Sans doute s’est-il survendu ? Sans doute a-t-il cru à la bonne aubaine ? Sans doute a-t-il sous-estimé les difficultés ? Toujours est-il qu’un beau matin, il est convoqué dans le bureau du big boss qui lui annonce tout de go que son équipe se plaint de mobbing, de manque d’écoute, d’incompréhension, de balourdise, d’irrévérence. Rayez les mentions inutiles mais conservez un panaché qui fasse sensation. Entre nous, le parachuté aurait dû s’y attendre.
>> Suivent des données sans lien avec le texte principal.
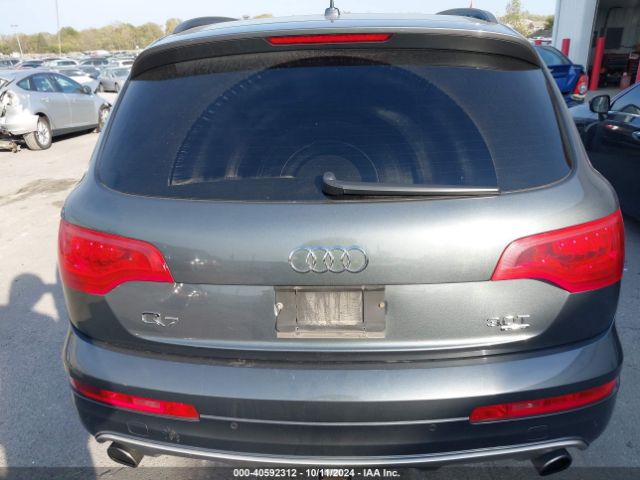 WA1CGAFEXED020882 Audi Q7 3.0t S Line Prestige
Même les bruits de couloirs les plus feutrés atteignent toujours leur destinataire soit par intérêt, soit par fourberie ou par erreur. Trois attitudes fondamentales sont nécessaires pour ne pas glisser sur la pente savonneuse. Premièrement, faire immédiatement preuve d’empathie, s’attendrir aux difficultés du revanchard… Et même le verbe s’apitoyer n’est pas excessif. Deuxièmement, donner des exemples de dysfonctionnements sur un ton linéaire et contrit. Enfin, rappeler son ambition, sa vision et ses objectifs inexorables. Si le beau parachuté est suffisamment crédible pendant ces minutes fatidiques, il aura gagné une victoire d’étape.
Le revanchard
Le revanchard est malveillant, mais surtout pitoyable et c’est justement ce dernier adjectif qui le sauve. Le RH a pitié de lui. Comment peut-on dégommer un pitoyable ? Il se plaint, il a mauvaise mine, malgré sa semaine de congé maladie. Il a tout fait juste, mais il est prêt à se remettre en question. Faire allégeance ? Mais pourquoi pas à condition que le parachuté lui dise au moins ce qu’il doit faire ? Ce qui entre-nous est rusé, la charge de la preuve appartient à l’autre. Dans son genre, le revanchard est un petit génie.
Le RH bienfaiteur de l’humain en détresse
Il faut bien comprendre que le RH a un rôle transversal et qu’il ne peut pas agir de manière frontale. Il faut tenir compte de que l’on appelle la “Realpolitik” et privilégier le réalisme et le pragmatisme. En d’autres termes, il est nécessaire pour le parachuté de mettre le RH dans la poche, de l’inviter à déjeuner pour lui parler de sa peine et de sa famille. Un grand moment d’apprentissage ou une servitude, c’est selon, mais assurément un mal nécessaire pour sauver définitivement sa peau.
Un cruel dénouement
Si le parachuté n’a pas traité cette épreuve avec légèreté. Si ses réflexions et la mise en œuvre de ses réseaux ont été conduites avec discernement et persistance, le revanchard sera mis sur la touche en deux temps. Remarquez qu’il faudrait plutôt dire “se met sur la touche” en deux temps parce que l’émotion est mauvaise conseillère. La première parce qu’il va s’exclure de lui-même par une succession d’arrêts maladies, la seconde par la recherche d’un employeur bienfaisant qui l’accueillera les bras grands ouverts, croit-il.